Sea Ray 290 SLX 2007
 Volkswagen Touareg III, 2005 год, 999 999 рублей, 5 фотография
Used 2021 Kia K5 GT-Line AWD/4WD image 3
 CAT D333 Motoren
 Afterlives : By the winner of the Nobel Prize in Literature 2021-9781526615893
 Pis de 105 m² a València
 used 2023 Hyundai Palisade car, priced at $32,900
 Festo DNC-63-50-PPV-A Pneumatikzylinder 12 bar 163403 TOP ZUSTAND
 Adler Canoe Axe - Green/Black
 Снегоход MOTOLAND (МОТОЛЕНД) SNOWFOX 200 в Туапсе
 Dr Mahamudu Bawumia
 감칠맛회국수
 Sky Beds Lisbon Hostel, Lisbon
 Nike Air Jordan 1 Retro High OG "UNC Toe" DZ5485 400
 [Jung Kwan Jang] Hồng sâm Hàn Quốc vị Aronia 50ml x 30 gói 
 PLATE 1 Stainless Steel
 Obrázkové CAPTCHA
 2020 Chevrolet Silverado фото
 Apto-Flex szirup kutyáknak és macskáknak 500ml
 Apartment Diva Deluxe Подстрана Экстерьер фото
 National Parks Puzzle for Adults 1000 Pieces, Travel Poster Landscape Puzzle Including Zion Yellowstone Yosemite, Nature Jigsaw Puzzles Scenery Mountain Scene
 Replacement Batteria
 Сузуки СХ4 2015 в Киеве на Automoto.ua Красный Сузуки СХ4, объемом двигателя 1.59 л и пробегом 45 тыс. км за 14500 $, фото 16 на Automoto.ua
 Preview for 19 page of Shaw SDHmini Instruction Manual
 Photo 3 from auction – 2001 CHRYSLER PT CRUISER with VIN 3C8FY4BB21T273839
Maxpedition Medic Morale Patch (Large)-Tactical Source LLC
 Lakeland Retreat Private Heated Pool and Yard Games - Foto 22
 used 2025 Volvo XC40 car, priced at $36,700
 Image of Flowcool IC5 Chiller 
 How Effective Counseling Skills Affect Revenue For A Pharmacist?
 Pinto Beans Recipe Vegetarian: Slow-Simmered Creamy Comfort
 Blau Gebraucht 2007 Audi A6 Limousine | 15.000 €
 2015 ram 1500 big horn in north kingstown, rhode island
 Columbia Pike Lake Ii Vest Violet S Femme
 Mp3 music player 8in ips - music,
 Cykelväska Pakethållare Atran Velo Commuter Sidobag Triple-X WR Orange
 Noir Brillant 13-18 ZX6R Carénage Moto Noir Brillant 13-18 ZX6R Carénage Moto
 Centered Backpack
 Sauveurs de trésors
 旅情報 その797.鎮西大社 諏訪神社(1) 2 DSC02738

* [EXERCISE OBJECTIVE]:
Reading through the records above, report each line in which the string "priced" is found.

* [RESULT FOR THIS EXERCISE]:
 used 2023 Hyundai Palisade car, priced at $32,900
 used 2025 Volvo XC40 car, priced at $36,700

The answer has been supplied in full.